Some ancient human fossils turn out to have as much as 6 to 9 percent Neanderthal DNA. Over time, the average amount dwindled. One plausible explanation for that decline is that most Neanderthal DNA is bad for our health. Inheriting a Neanderthal version of a gene may cause people to have fewer children—either because they're less likely to survive to childbearing age, or because they become less fertile. It may be no coincidence that
Neanderthal genes that play a role in reproduction are especially rare in humans today. As future generations of humans inherit Neanderthal DNA, some of it may continue to disappear.

But some Neanderthal DNA seems to have endured for tens of thousands of years because it gave our ancestors some benefit. I've discovered that my genome, for example, includes some Neanderthal versions of genes that help fight infections. I'm hardly alone:
Neanderthal immune genes are more common in living humans than many other classes of genes.

Once they slipped into the modern human gene pool, these genes appear to have become more widespread with time. Our immune system genes are some of the fastest-evolving parts of our genome, because they need to keep up with the rapid evolution of the parasites that are trying to evade our defenses. People who live in malaria-prone regions have evolved new defenses against the parasites in just the past few thousand years. When early Africans moved onto other continents, they may have encountered a number of diseases for the first time. Neanderthals, on the other hand, had been adapting to those medical challenges for hundreds of thousands of years. Borrowing immune system genes from Neanderthals could have been a quick way to get better odds of surviving in their new home.

One of the most startling revelations about my own heredity came up toward the end of my visit to Cold Spring Harbor. After running through all his results, Gronau said something so casually that I almost missed it.

“There is some Denisovan gene flow in Carl's genome,” he said.

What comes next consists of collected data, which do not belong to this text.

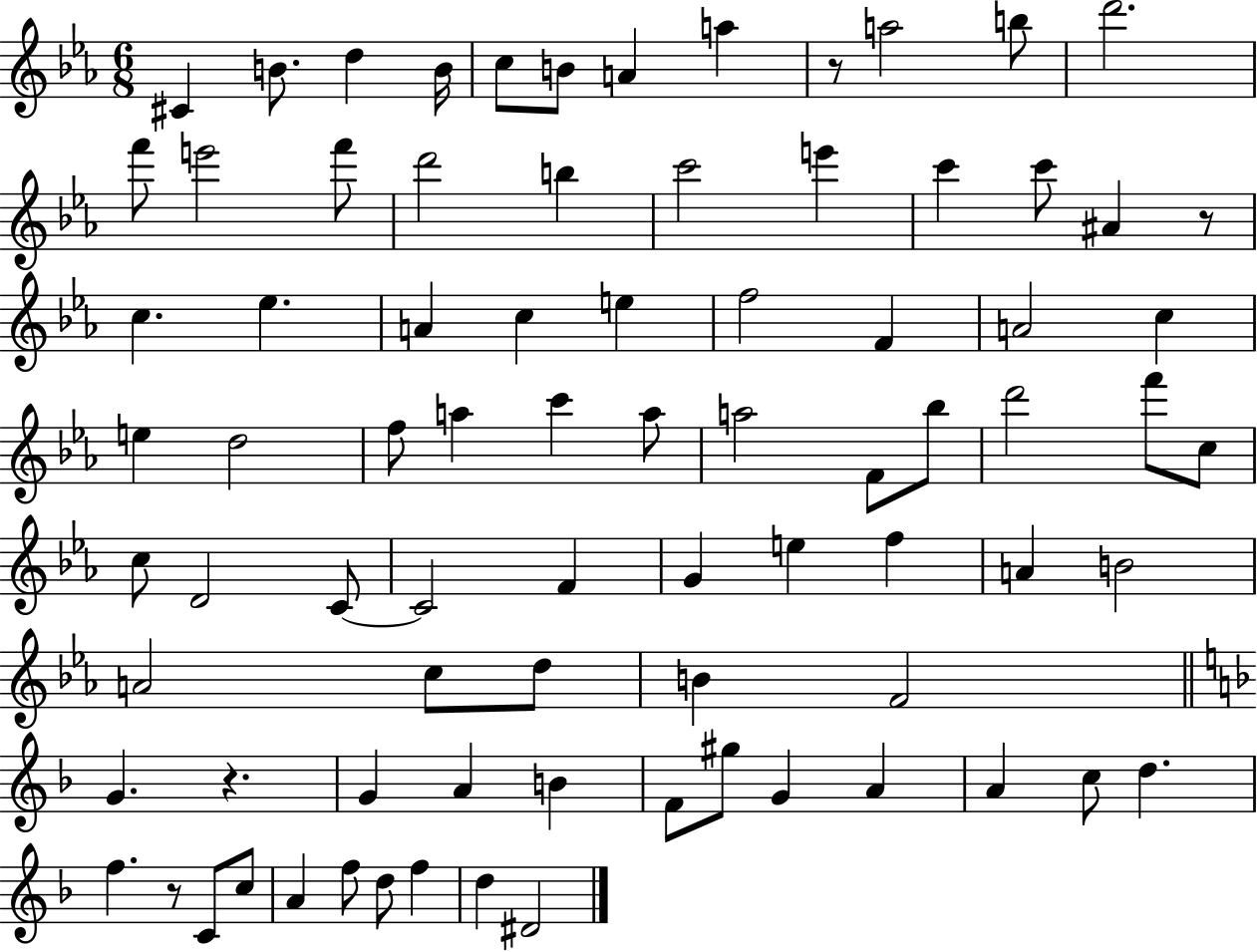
X:1
T:Untitled
M:6/8
L:1/4
K:Eb
^C B/2 d B/4 c/2 B/2 A a z/2 a2 b/2 d'2 f'/2 e'2 f'/2 d'2 b c'2 e' c' c'/2 ^A z/2 c _e A c e f2 F A2 c e d2 f/2 a c' a/2 a2 F/2 _b/2 d'2 f'/2 c/2 c/2 D2 C/2 C2 F G e f A B2 A2 c/2 d/2 B F2 G z G A B F/2 ^g/2 G A A c/2 d f z/2 C/2 c/2 A f/2 d/2 f d ^D2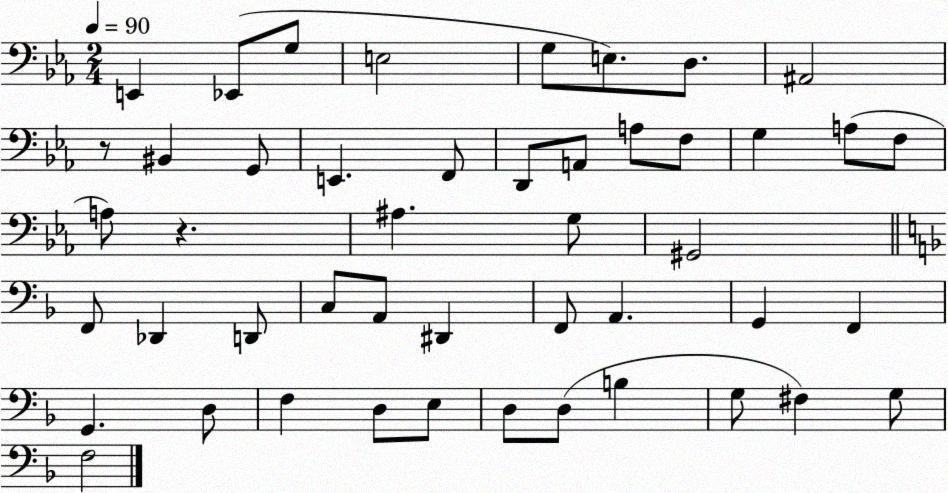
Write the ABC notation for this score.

X:1
T:Untitled
M:2/4
L:1/4
K:Eb
E,, _E,,/2 G,/2 E,2 G,/2 E,/2 D,/2 ^A,,2 z/2 ^B,, G,,/2 E,, F,,/2 D,,/2 A,,/2 A,/2 F,/2 G, A,/2 F,/2 A,/2 z ^A, G,/2 ^G,,2 F,,/2 _D,, D,,/2 C,/2 A,,/2 ^D,, F,,/2 A,, G,, F,, G,, D,/2 F, D,/2 E,/2 D,/2 D,/2 B, G,/2 ^F, G,/2 F,2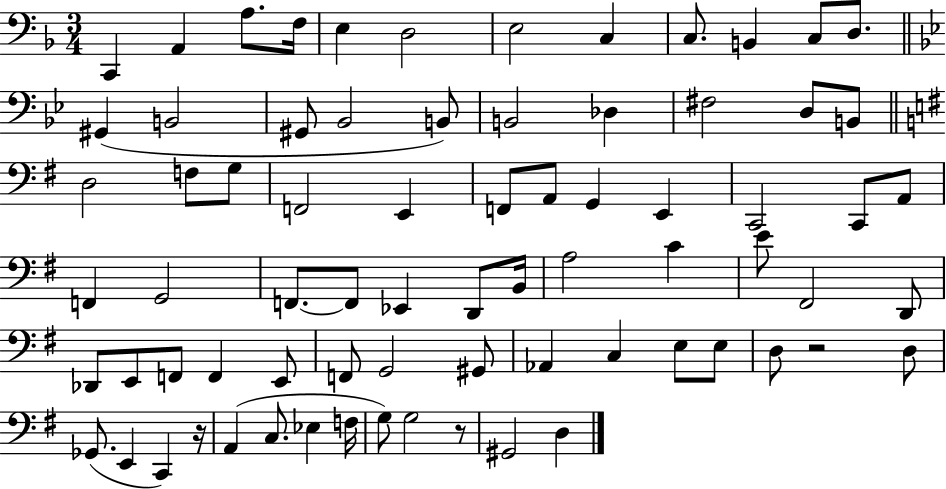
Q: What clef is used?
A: bass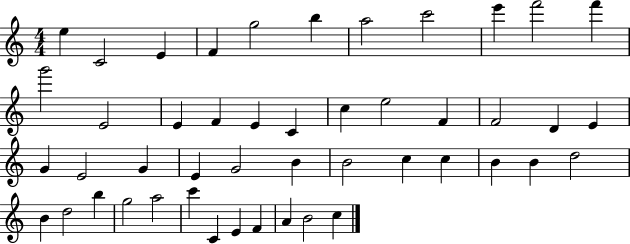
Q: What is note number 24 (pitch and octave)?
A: G4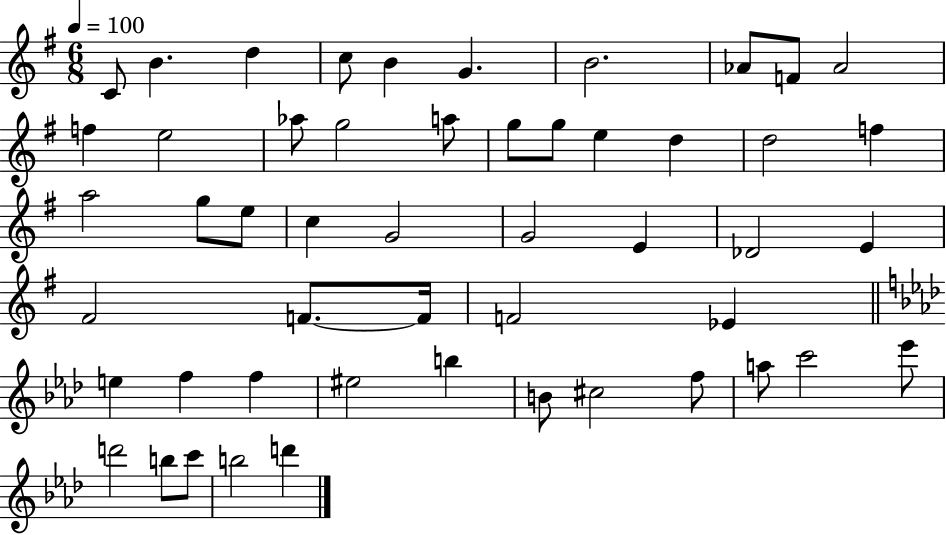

I sat up straight. “What?”

“You have a tiny bit, which is more than I see in the other genomes that I've tried,” Gronau said.

In 2009, a Russian researcher sent Svante Pääbo a nondescript chip of bone from a pinky. It had come to light during a dig in a Siberian cave called Denisova. There was no reason to expect anything interesting from the chip, but Pääbo's student Johannes Krause discovered that it was actually packed with DNA. While much of that DNA belonged to bacteria that had invaded the bone long after death, there was also a lot that looked humanlike. Krause assumed it would either be Neanderthal or modern human DNA. But when he inspected it closely, it turned out to be neither. It belonged to another extinct human. In honor of the cave where it was found, Pääbo and his colleagues named these phantom people
the Denisovans.

In the next few years, Pääbo and his colleagues tested out other fossils for Denisovan DNA and managed to find some more from
molars dug up in the same Siberian cave. The scientists cannot look at Denisovan skeletons to compare their anatomy to ours. They're left in the strange situation of knowing a group of extinct human relatives almost entirely from their DNA.